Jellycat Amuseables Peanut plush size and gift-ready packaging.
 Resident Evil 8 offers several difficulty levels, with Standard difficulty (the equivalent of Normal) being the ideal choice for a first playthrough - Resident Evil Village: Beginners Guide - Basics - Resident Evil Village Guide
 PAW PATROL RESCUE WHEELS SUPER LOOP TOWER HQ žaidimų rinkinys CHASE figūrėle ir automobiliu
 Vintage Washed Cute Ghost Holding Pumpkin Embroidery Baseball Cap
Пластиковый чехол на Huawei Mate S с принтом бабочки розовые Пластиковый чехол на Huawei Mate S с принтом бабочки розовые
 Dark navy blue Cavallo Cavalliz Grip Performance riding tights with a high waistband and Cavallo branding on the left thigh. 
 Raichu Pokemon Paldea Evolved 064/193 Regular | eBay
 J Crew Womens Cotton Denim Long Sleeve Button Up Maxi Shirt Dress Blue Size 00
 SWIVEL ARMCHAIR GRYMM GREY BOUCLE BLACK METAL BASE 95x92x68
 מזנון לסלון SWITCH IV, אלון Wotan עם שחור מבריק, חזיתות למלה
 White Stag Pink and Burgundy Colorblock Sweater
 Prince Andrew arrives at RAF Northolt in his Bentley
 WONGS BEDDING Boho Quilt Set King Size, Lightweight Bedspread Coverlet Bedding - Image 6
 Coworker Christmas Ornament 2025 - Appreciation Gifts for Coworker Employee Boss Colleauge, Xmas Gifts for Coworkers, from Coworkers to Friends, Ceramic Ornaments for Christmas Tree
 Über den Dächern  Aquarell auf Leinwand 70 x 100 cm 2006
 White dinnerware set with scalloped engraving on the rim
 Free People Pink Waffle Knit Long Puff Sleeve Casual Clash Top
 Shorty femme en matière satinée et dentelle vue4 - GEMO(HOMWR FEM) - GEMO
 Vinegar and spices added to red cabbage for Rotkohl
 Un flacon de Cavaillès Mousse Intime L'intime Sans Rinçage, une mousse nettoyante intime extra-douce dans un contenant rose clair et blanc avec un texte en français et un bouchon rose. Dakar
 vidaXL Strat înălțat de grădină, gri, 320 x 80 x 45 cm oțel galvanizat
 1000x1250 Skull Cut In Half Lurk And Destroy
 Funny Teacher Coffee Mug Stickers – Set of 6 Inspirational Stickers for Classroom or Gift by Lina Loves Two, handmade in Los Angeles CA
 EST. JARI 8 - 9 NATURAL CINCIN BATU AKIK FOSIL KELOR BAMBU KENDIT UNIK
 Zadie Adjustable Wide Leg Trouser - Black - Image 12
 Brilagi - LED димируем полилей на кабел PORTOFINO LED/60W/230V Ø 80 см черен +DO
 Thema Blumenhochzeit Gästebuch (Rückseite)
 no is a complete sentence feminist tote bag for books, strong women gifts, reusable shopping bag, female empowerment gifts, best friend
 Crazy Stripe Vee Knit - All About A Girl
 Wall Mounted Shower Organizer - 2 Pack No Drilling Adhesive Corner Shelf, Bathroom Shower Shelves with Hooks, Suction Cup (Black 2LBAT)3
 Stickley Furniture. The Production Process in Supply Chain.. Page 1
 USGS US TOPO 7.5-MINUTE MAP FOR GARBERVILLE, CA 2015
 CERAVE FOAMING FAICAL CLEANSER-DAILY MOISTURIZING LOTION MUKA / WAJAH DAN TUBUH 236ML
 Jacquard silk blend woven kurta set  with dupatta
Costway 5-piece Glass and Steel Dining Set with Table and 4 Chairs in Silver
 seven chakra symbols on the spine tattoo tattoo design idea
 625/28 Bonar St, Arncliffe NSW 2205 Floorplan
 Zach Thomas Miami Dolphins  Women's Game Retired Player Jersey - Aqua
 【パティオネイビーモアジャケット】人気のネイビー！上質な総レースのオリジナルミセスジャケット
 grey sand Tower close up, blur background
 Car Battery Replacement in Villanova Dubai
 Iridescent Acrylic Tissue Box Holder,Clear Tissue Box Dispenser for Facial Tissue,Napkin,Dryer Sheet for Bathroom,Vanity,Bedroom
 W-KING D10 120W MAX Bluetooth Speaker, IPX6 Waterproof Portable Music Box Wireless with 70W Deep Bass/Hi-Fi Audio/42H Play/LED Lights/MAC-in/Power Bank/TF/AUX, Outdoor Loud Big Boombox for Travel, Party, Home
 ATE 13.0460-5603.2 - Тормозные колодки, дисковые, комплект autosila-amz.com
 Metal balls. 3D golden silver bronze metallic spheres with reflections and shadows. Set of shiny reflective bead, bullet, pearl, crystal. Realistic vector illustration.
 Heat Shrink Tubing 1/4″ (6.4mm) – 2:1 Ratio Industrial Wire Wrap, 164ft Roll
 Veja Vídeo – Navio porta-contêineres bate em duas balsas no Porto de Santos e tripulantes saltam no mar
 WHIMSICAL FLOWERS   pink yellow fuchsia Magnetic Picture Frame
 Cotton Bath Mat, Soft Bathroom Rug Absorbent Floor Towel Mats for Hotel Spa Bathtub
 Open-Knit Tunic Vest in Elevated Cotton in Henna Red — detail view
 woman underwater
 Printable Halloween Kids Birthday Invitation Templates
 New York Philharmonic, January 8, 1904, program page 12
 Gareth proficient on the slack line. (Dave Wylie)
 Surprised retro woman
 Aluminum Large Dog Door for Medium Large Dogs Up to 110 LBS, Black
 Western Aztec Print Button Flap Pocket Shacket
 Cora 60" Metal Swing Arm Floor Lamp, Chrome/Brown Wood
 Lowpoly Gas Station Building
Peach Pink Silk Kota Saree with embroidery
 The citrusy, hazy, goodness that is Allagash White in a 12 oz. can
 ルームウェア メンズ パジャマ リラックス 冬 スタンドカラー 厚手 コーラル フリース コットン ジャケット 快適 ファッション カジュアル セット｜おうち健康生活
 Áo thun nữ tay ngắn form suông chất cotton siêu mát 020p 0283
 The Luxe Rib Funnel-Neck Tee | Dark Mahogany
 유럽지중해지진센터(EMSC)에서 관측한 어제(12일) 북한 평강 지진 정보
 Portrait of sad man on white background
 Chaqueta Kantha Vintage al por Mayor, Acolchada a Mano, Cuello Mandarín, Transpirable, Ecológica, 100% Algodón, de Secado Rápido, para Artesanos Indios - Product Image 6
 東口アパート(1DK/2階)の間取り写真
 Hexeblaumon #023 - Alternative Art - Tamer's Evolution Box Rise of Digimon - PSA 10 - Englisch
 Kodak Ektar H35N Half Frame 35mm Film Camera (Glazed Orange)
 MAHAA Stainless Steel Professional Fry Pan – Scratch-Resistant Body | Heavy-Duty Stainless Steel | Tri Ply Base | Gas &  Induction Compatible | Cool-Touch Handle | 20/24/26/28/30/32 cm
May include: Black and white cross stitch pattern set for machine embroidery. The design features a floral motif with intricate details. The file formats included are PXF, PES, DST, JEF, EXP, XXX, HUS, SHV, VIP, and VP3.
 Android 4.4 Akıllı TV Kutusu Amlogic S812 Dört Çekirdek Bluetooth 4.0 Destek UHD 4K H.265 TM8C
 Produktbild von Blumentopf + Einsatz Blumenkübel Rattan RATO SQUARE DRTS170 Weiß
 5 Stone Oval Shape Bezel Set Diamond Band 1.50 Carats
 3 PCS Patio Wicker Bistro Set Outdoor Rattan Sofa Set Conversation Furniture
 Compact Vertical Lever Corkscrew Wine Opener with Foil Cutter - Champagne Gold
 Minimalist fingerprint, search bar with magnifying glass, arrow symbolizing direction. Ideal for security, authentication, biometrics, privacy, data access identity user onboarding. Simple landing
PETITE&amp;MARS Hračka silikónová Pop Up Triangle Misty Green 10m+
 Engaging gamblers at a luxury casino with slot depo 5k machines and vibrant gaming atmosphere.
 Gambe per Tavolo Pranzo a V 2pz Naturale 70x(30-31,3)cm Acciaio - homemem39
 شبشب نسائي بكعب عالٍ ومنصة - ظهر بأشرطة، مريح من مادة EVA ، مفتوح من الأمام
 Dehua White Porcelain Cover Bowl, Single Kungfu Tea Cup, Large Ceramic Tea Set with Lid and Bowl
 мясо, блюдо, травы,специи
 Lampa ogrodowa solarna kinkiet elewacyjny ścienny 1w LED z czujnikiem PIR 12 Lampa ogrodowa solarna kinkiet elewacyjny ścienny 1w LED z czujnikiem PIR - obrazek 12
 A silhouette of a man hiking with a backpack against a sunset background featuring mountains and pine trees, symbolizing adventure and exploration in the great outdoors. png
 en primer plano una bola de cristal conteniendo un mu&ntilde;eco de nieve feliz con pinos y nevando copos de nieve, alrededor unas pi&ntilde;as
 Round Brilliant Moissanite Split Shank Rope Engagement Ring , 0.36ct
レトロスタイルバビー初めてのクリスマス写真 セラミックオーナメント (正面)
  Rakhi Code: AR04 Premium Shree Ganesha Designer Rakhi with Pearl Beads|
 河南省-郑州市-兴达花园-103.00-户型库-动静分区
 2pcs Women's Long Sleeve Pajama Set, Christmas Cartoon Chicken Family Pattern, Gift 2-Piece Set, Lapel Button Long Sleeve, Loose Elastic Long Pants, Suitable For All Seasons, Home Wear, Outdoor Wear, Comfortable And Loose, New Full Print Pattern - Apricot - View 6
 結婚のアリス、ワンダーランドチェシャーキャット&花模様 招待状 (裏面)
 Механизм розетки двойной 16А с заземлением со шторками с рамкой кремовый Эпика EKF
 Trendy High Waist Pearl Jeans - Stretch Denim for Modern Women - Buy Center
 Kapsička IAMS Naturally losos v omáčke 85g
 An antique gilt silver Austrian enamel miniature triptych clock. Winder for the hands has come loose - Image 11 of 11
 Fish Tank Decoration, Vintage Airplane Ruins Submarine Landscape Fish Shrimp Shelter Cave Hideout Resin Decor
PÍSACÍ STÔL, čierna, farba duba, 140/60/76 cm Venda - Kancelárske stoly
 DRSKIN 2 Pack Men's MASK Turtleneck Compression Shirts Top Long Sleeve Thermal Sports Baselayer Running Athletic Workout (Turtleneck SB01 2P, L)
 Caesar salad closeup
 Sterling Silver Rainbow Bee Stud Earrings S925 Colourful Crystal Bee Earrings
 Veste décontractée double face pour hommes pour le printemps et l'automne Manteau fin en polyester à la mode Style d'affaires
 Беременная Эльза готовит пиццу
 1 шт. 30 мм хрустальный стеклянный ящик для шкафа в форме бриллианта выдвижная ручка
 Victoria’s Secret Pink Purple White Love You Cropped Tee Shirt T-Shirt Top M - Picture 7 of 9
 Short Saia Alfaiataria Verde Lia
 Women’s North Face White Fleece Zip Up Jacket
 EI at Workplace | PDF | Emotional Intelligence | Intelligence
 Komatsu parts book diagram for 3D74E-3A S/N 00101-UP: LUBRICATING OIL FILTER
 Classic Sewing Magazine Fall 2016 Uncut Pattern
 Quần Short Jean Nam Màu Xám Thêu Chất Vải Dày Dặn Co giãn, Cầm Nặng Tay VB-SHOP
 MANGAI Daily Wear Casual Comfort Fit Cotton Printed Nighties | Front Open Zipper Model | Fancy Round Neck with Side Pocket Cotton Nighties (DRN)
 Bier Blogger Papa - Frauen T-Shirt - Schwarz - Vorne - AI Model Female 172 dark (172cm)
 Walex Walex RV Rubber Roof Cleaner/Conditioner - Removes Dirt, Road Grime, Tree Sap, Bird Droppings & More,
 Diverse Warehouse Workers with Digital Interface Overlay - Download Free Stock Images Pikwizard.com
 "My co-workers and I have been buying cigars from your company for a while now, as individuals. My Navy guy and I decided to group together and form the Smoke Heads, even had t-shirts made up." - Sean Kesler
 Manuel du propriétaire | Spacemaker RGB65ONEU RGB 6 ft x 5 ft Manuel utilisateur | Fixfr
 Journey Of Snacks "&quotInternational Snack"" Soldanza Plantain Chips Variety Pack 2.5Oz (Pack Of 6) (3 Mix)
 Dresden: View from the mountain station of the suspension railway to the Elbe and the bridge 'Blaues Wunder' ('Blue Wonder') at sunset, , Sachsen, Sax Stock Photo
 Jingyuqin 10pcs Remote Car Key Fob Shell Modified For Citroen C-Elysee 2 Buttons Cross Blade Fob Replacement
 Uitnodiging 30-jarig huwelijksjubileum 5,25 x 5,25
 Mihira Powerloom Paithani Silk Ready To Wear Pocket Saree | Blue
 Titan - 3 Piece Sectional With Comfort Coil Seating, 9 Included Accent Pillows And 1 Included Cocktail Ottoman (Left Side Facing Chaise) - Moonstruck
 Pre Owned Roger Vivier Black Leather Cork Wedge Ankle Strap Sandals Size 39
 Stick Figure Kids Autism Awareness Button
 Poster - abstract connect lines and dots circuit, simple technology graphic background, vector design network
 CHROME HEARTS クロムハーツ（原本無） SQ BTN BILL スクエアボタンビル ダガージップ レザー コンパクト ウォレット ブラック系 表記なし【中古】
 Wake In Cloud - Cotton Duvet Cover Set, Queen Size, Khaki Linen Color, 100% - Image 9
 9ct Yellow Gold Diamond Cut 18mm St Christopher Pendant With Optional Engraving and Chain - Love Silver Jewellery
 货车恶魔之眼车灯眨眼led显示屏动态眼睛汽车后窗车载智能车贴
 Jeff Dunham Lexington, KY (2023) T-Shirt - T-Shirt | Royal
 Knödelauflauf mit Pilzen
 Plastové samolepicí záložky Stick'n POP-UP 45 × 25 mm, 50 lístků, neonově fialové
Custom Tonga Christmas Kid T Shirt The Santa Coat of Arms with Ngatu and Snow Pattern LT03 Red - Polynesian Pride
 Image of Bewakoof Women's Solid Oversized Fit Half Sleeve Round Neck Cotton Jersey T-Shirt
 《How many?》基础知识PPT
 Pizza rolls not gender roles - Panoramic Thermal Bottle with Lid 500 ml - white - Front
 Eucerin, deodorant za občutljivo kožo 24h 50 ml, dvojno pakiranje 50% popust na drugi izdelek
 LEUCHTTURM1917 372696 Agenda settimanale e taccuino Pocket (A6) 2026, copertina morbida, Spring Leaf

### PROBLEM DESCRIPTION
In the entries above, find each line with "Knit" and list it.

### RESPONSE BELOW
 Free People Pink Waffle Knit Long Puff Sleeve Casual Clash Top
 Crazy Stripe Vee Knit - All About A Girl
 Open-Knit Tunic Vest in Elevated Cotton in Henna Red — detail view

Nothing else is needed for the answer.